** Supplied records **
━━━

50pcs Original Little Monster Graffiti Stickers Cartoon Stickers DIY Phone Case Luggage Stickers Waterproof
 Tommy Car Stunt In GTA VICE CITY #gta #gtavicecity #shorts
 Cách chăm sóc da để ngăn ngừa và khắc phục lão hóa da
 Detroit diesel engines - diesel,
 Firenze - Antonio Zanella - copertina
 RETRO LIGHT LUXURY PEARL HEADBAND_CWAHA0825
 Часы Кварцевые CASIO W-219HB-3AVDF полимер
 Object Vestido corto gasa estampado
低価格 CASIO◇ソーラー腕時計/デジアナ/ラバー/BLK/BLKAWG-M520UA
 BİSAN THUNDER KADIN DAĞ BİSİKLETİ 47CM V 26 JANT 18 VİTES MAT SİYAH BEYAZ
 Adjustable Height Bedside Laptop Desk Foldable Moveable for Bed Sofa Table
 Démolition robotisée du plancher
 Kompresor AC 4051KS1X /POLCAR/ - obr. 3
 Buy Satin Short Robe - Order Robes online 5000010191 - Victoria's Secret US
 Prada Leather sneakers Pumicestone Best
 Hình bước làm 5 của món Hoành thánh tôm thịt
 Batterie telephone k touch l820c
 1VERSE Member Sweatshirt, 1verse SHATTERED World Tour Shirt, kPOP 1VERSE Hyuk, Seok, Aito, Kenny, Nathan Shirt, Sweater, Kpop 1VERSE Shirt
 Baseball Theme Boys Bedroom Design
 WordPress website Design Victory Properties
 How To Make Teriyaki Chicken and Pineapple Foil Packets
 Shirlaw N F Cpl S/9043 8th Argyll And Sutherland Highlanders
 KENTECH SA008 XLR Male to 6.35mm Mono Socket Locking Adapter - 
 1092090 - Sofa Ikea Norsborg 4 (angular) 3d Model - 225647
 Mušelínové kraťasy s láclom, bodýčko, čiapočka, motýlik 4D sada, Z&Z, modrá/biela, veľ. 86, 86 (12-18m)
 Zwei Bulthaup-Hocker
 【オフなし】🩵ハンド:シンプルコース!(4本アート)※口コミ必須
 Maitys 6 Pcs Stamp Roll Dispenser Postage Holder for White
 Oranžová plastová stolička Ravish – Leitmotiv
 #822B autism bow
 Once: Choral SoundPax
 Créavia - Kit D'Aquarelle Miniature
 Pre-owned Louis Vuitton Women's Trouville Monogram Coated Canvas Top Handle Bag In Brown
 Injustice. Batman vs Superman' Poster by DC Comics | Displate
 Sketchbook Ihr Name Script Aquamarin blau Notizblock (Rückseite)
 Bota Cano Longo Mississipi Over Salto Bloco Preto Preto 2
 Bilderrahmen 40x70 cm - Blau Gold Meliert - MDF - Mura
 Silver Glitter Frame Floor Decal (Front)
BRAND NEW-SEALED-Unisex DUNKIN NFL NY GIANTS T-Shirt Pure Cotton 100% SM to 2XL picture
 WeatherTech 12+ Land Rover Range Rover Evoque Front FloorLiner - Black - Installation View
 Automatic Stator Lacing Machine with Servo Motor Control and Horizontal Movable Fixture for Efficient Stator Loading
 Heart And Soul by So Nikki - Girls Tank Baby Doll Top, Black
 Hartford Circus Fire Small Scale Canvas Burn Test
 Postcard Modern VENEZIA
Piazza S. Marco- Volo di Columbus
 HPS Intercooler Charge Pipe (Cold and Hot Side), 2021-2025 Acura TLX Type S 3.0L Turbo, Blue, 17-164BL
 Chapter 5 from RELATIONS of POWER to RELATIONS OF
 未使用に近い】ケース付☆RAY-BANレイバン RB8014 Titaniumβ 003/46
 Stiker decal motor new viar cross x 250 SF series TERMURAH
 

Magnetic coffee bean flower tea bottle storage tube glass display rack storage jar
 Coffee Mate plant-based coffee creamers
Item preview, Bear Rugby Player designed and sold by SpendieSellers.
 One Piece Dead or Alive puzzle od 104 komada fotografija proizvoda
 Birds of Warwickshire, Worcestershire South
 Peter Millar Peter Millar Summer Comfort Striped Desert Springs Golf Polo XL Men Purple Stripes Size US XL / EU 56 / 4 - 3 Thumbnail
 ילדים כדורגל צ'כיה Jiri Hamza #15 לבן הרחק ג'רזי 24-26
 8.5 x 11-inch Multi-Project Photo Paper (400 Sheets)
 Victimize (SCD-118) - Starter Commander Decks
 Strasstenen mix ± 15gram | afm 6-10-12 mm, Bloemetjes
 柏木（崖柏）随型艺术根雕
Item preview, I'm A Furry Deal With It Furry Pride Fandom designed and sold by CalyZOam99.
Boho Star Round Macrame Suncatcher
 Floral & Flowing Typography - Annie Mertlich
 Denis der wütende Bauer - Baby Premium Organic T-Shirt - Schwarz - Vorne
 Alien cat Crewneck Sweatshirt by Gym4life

━━━

** The task **
All of the material is to be retyped verbatim.

** Task answer **
50pcs Original Little Monster Graffiti Stickers Cartoon Stickers DIY Phone Case Luggage Stickers Waterproof
 Tommy Car Stunt In GTA VICE CITY #gta #gtavicecity #shorts
 Cách chăm sóc da để ngăn ngừa và khắc phục lão hóa da
 Detroit diesel engines - diesel,
 Firenze - Antonio Zanella - copertina
 RETRO LIGHT LUXURY PEARL HEADBAND_CWAHA0825
 Часы Кварцевые CASIO W-219HB-3AVDF полимер
 Object Vestido corto gasa estampado
低価格 CASIO◇ソーラー腕時計/デジアナ/ラバー/BLK/BLKAWG-M520UA
 BİSAN THUNDER KADIN DAĞ BİSİKLETİ 47CM V 26 JANT 18 VİTES MAT SİYAH BEYAZ
 Adjustable Height Bedside Laptop Desk Foldable Moveable for Bed Sofa Table
 Démolition robotisée du plancher
 Kompresor AC 4051KS1X /POLCAR/ - obr. 3
 Buy Satin Short Robe - Order Robes online 5000010191 - Victoria's Secret US
 Prada Leather sneakers Pumicestone Best
 Hình bước làm 5 của món Hoành thánh tôm thịt
 Batterie telephone k touch l820c
 1VERSE Member Sweatshirt, 1verse SHATTERED World Tour Shirt, kPOP 1VERSE Hyuk, Seok, Aito, Kenny, Nathan Shirt, Sweater, Kpop 1VERSE Shirt
 Baseball Theme Boys Bedroom Design
 WordPress website Design Victory Properties
 How To Make Teriyaki Chicken and Pineapple Foil Packets
 Shirlaw N F Cpl S/9043 8th Argyll And Sutherland Highlanders
 KENTECH SA008 XLR Male to 6.35mm Mono Socket Locking Adapter - 
 1092090 - Sofa Ikea Norsborg 4 (angular) 3d Model - 225647
 Mušelínové kraťasy s láclom, bodýčko, čiapočka, motýlik 4D sada, Z&Z, modrá/biela, veľ. 86, 86 (12-18m)
 Zwei Bulthaup-Hocker
 【オフなし】🩵ハンド:シンプルコース!(4本アート)※口コミ必須
 Maitys 6 Pcs Stamp Roll Dispenser Postage Holder for White
 Oranžová plastová stolička Ravish – Leitmotiv
 #822B autism bow
 Once: Choral SoundPax
 Créavia - Kit D'Aquarelle Miniature
 Pre-owned Louis Vuitton Women's Trouville Monogram Coated Canvas Top Handle Bag In Brown
 Injustice. Batman vs Superman' Poster by DC Comics | Displate
 Sketchbook Ihr Name Script Aquamarin blau Notizblock (Rückseite)
 Bota Cano Longo Mississipi Over Salto Bloco Preto Preto 2
 Bilderrahmen 40x70 cm - Blau Gold Meliert - MDF - Mura
 Silver Glitter Frame Floor Decal (Front)
BRAND NEW-SEALED-Unisex DUNKIN NFL NY GIANTS T-Shirt Pure Cotton 100% SM to 2XL picture
 WeatherTech 12+ Land Rover Range Rover Evoque Front FloorLiner - Black - Installation View
 Automatic Stator Lacing Machine with Servo Motor Control and Horizontal Movable Fixture for Efficient Stator Loading
 Heart And Soul by So Nikki - Girls Tank Baby Doll Top, Black
 Hartford Circus Fire Small Scale Canvas Burn Test
 Postcard Modern VENEZIA
Piazza S. Marco- Volo di Columbus
 HPS Intercooler Charge Pipe (Cold and Hot Side), 2021-2025 Acura TLX Type S 3.0L Turbo, Blue, 17-164BL
 Chapter 5 from RELATIONS of POWER to RELATIONS OF
 未使用に近い】ケース付☆RAY-BANレイバン RB8014 Titaniumβ 003/46
 Stiker decal motor new viar cross x 250 SF series TERMURAH
 

Magnetic coffee bean flower tea bottle storage tube glass display rack storage jar
 Coffee Mate plant-based coffee creamers
Item preview, Bear Rugby Player designed and sold by SpendieSellers.
 One Piece Dead or Alive puzzle od 104 komada fotografija proizvoda
 Birds of Warwickshire, Worcestershire South
 Peter Millar Peter Millar Summer Comfort Striped Desert Springs Golf Polo XL Men Purple Stripes Size US XL / EU 56 / 4 - 3 Thumbnail
 ילדים כדורגל צ'כיה Jiri Hamza #15 לבן הרחק ג'רזי 24-26
 8.5 x 11-inch Multi-Project Photo Paper (400 Sheets)
 Victimize (SCD-118) - Starter Commander Decks
 Strasstenen mix ± 15gram | afm 6-10-12 mm, Bloemetjes
 柏木（崖柏）随型艺术根雕
Item preview, I'm A Furry Deal With It Furry Pride Fandom designed and sold by CalyZOam99.
Boho Star Round Macrame Suncatcher
 Floral & Flowing Typography - Annie Mertlich
 Denis der wütende Bauer - Baby Premium Organic T-Shirt - Schwarz - Vorne
 Alien cat Crewneck Sweatshirt by Gym4life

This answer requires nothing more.